I have had a few days where I went over my 1200 net but all by only a few hundred and one by almost 900.
However, It is already set at a deficit and the rest of the time I am under so that should not effect it THAT much.
Just... wow...
What gives...
«1

Replies

  • UKChloeT
    Options
    I tend to find my weight sticks if I get stuck in a rut and eat the same foods on a daily basis. Try mixing it up and adding in plenty of fresh fruit. I don't know how to view your diaries so I can't see what you're eating but I hope this helps.

    Also, try having a look at how many calories you'd need to take in to maintain your current weight. You'll see it's actually not that different to how much you need to eat to lose weight, so going over your calories by a few hundred really can make a difference between losing and maintaining.

    Don't beat yourself up though, you're not gaining weight and that's a big plus!!
  • sarahrbraun
    sarahrbraun Posts: 2,261 Member
    Options
    What is going on here?

    I have had a few days where I went over my 1200 net but all by only a few hundred and one by almost 900.
    However, It is already set at a deficit and the rest of the time I am under so that should not effect it THAT much.
    Just... wow...
    What gives...

    I wish I knew!! I did not lose any measurable weight for all of September, even though I rarely ever eat all my allotted calories, and am lucky to hit a 1200 calorie net. For October I have only lost less than a lb! My measurements havent even changed in a month! But being obese isnt in my plans...so I go to the gym 4x a week, I eat the lower calories and lower carbs, and hope to hell my weight loss starts again.
  • thriftycupl
    thriftycupl Posts: 310 Member
    Options
    I didn't take a look at your meals or activity, but depending on level of activity, you may need to increase your calories a bit. It may sound counterintuitive, however, MFP sets many peoples calories at 1200. So much depends on your resting metabolic rate, level of activity and so many other things. Click the search button in the message boards and type in Plateau or BMR -- there is such much information out here already.

    Good luck.
  • DaisyHamilton
    DaisyHamilton Posts: 575 Member
    Options
    I haven't lost any since March. It's a plateau. In my case, I'm nearly done losing my weight.
  • Dad_of_3
    Dad_of_3 Posts: 517 Member
    Options
    Now, what I am about to say may be skewered and ridiculed, and even derided by others here, but this is what has worked for me, YMMV. I have done this three times, and I have lost 36 pounds so far.
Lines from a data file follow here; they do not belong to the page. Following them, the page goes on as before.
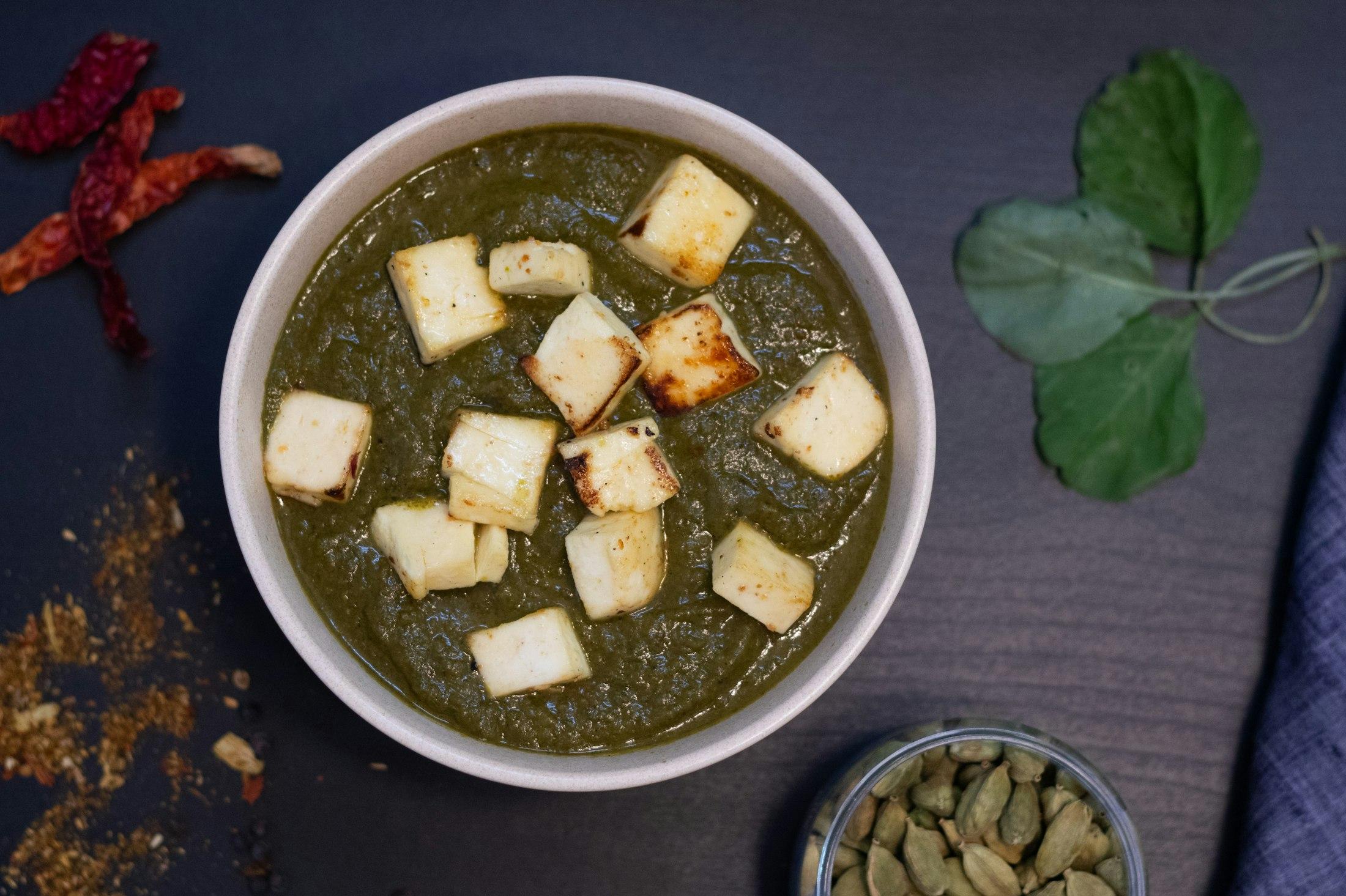 A bowl of palak paneer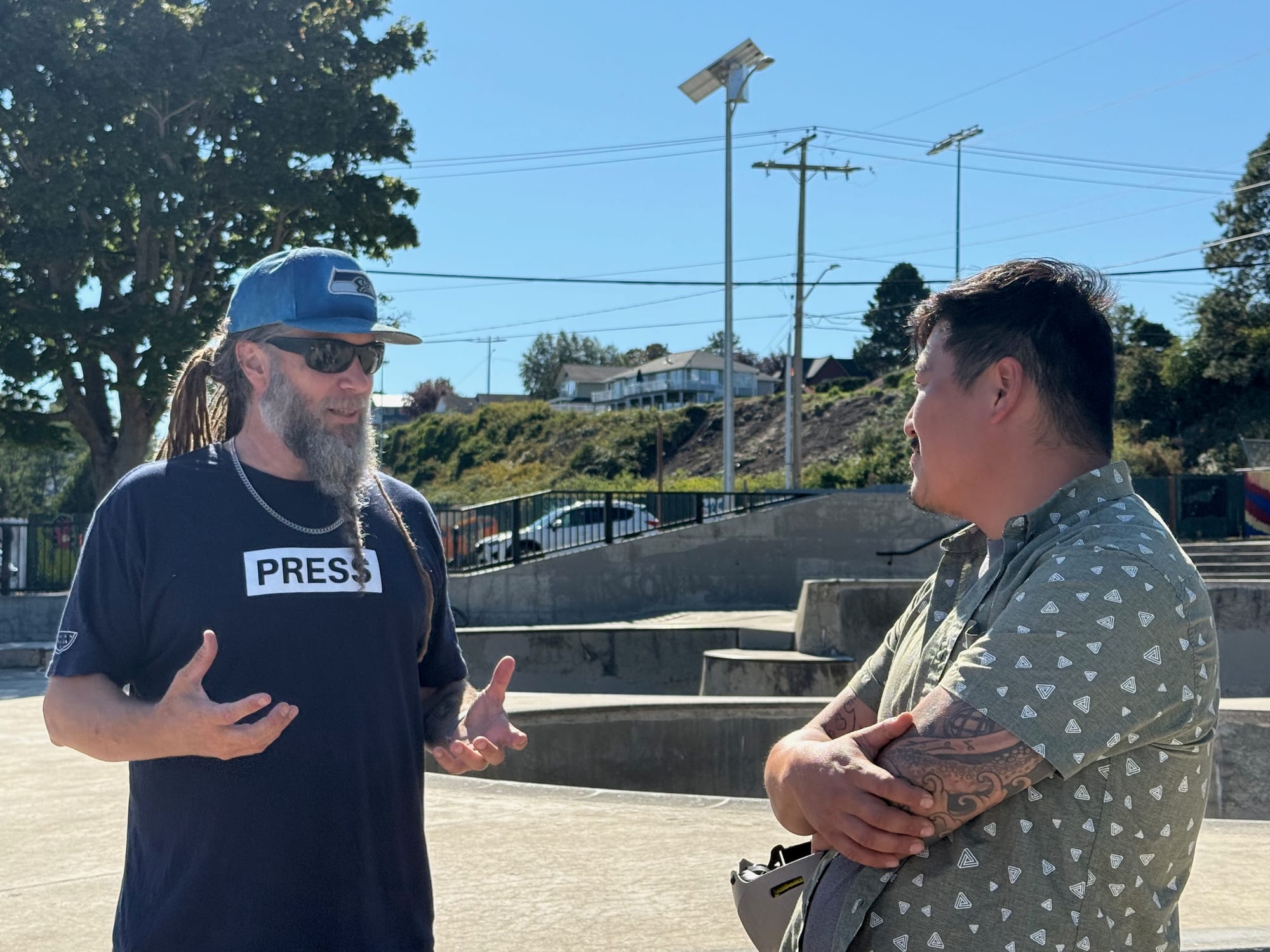 Jesse Joshua Watson, left, talks with skater Nam Siu, with skate park in the background.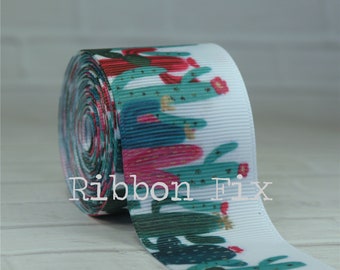 May include: A roll of white ribbon featuring a repeating pattern of green cacti with pink flowers. The text "Ribbon Fix" is printed on the ribbon. The ribbon is likely used for crafting or decorative purposes.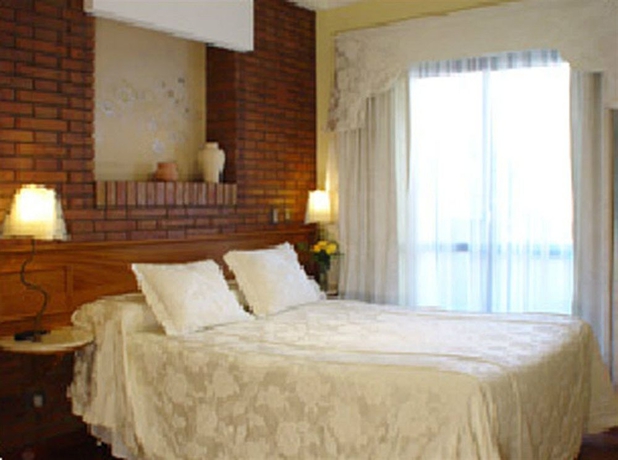 Imagen de la habitación del Aparthotel Reina Victoria Suites and Towers. Foto 5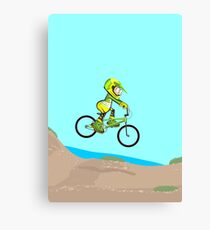 Boy on his BMX bike jumping to dirt track Canvas Print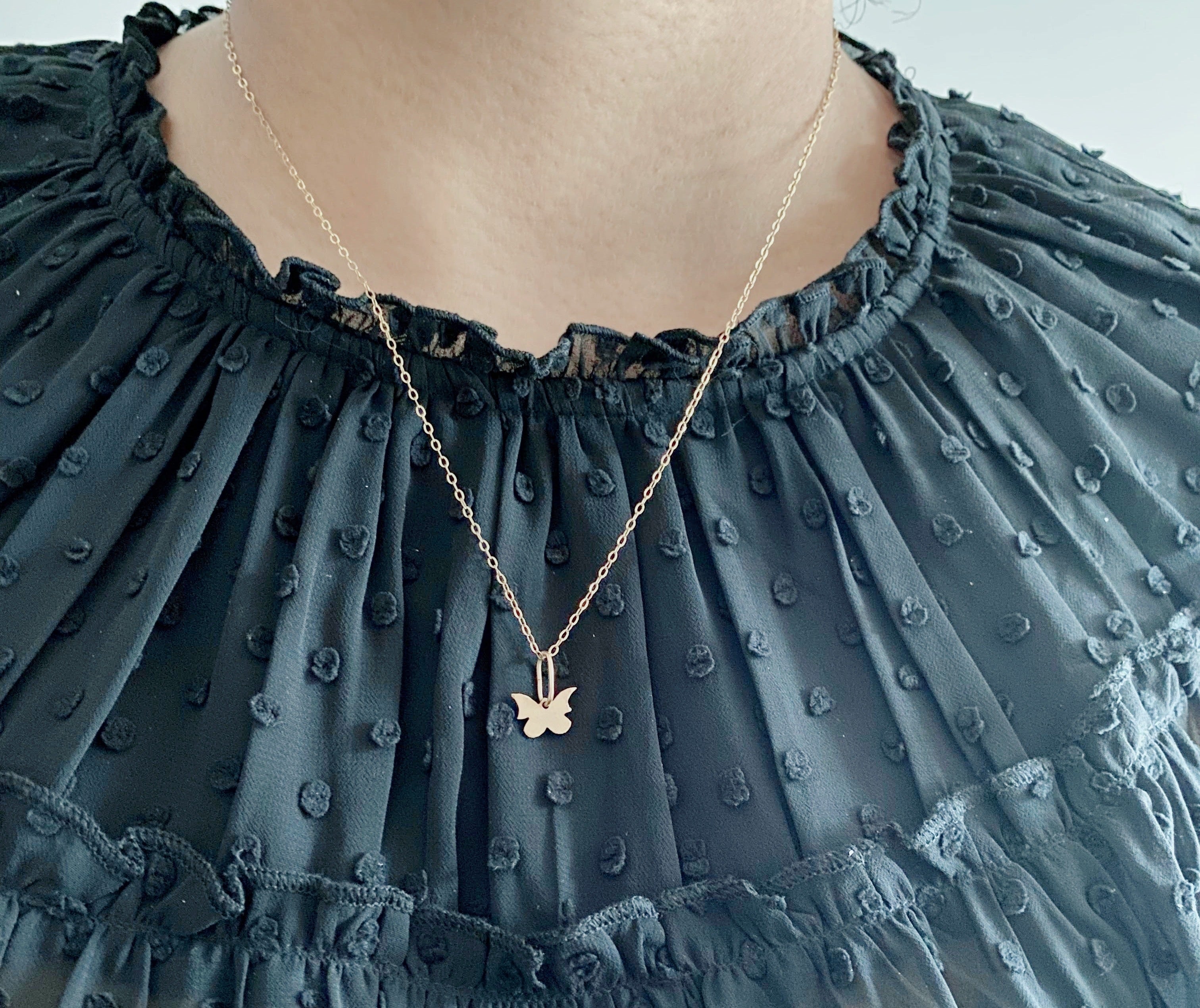 dainty gold butterfly necklace front dream awake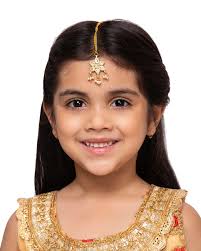 Just Shradhas presents Gold Kundan flower teeka available only at littl  tags.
    I have gone off watching calories and quit exercising for seven days. I did not pig out, but I ate until I was full ( I was reasonable, was not ridiculous about overeating) and I did not exercise. That week I did not gain or lose. The next week, I went back to the MFP tracking and exercise plan, and the pounds dropped, and I lost weight every week for six weeks after, then I plateaued for two weeks. When I hit my plateau, I did it again.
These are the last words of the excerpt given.